Years ago, I saw my very first Pua Kumbu Sungkit on Facebook.
I was smitten by it and I made a brave tentative inquiry and asked the dealer for the price.
In the conversation that followed I was dismissively told that it was over a few thousand dollars. And was denied a decent reply.
At that time I was tinier than I am today as a collector and there was nothing to do but feel bad and go back into my cave.
But I did wonder at the arrogance of that collector – after all he wasn’t the one that had made it.
What then was the reason for his high & mighty behavior?
I was forced to think through the whole episode many times and even today I simply do not understand.
But through the analysis and through all the Q&A between me and myself on random walks at random times, my own principles and attitudes to collecting evolved.

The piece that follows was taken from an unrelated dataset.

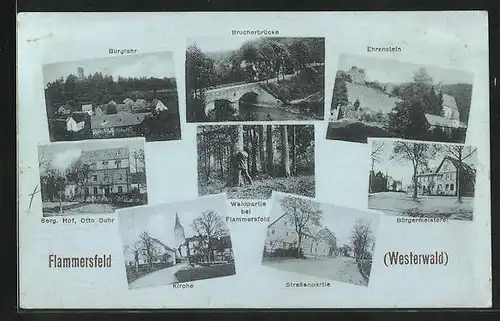 Mondschein-AK Flammersfeld / Westerwald, Bürgermeisterei, Burg Hof, Ehrenstein, Brucherbrücke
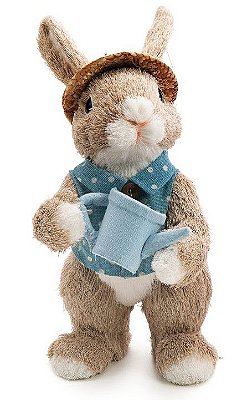 Coelho de Palha Italiana em Pé com Regador Na Mão 24cm - Coleção Milkshake - Ref 1013944 Páscoa Cromus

I realised that in the journey of any artwork through history I was merely a temporary custodian and completely insignificant. The piece was born before me and will live on after me.
And anyone who connects to me is only doing so because of the beauty of the artwork – not some great accomplishment of my own. We are all co-worshippers at the altar of beauty of antique textiles. And simply because I have it at the moment does not make me superior. Ownership of an artwork does not make us great ….especially as such pieces cannot be possessed completely at all.
In my opinion, the only ones who have the right to be proud of thes works are the weavers and the artisans who created them. And they are the humblest and sweetest of people.
So the arrogance of the collector at his ownership taught me humility.
I don’t recall who that collector was – but am glad I learnt this important lesson and formed my own thoughts through his behavior.